Nicht wissend, was da für ein Schwätzer vor der Türe steht, würde ich vielleicht ebenfalls so handeln und ihn hereinlassen. Würde er seinen Schnabel aufmachen und blubberte auf seine debil-einschläfernde Weise seine Phantastereien und Märcheneinheiten heraus, zögen sich meine Augenbrauen zusammen und meine Stirn legte sich in Falten. Noch würde ich ihm nicht den Weg zur Tür weisen, noch nicht.

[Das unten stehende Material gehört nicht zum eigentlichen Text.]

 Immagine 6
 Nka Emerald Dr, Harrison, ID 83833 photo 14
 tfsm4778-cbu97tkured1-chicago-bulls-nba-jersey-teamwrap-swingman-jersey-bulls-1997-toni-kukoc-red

Würde er aber dann weiter herumschwatzen und vor der bösen bösen Welt warnen, in der er und sein Einfluss ein nicht unerheblichen Teil darstellt, würde mein Blutdruck und meine Ungeduld in ungesunde Maßen steigen. Würde er mir dann auch noch "Gott" als einzigen Ausweg empfehlen, täte ich ihn am Kragen aus dem Haus und in hohem Bogen durch meinen Vorgarten kicken. Heuchlerisches Geschwafel dieser Güteklasse (wie Ratzi es schon seit Tagen hier abgeschwurbelt hat), lassen mich den Begriff "Heiliger Stuhl" in ganz verständlichem Lichte betrachten.
Nun - auch zu mir kommt der Zausel nicht, aber es ist schon unglaublich, wie viele (sonst klar denkende) Menschen an den Lippen dieses gefährlichen Scharlatans hängen...

Anonym 27. September 2011 um 08:53  

Anton Chigurh, was macht diesen Scharlatan denn so gefährlich?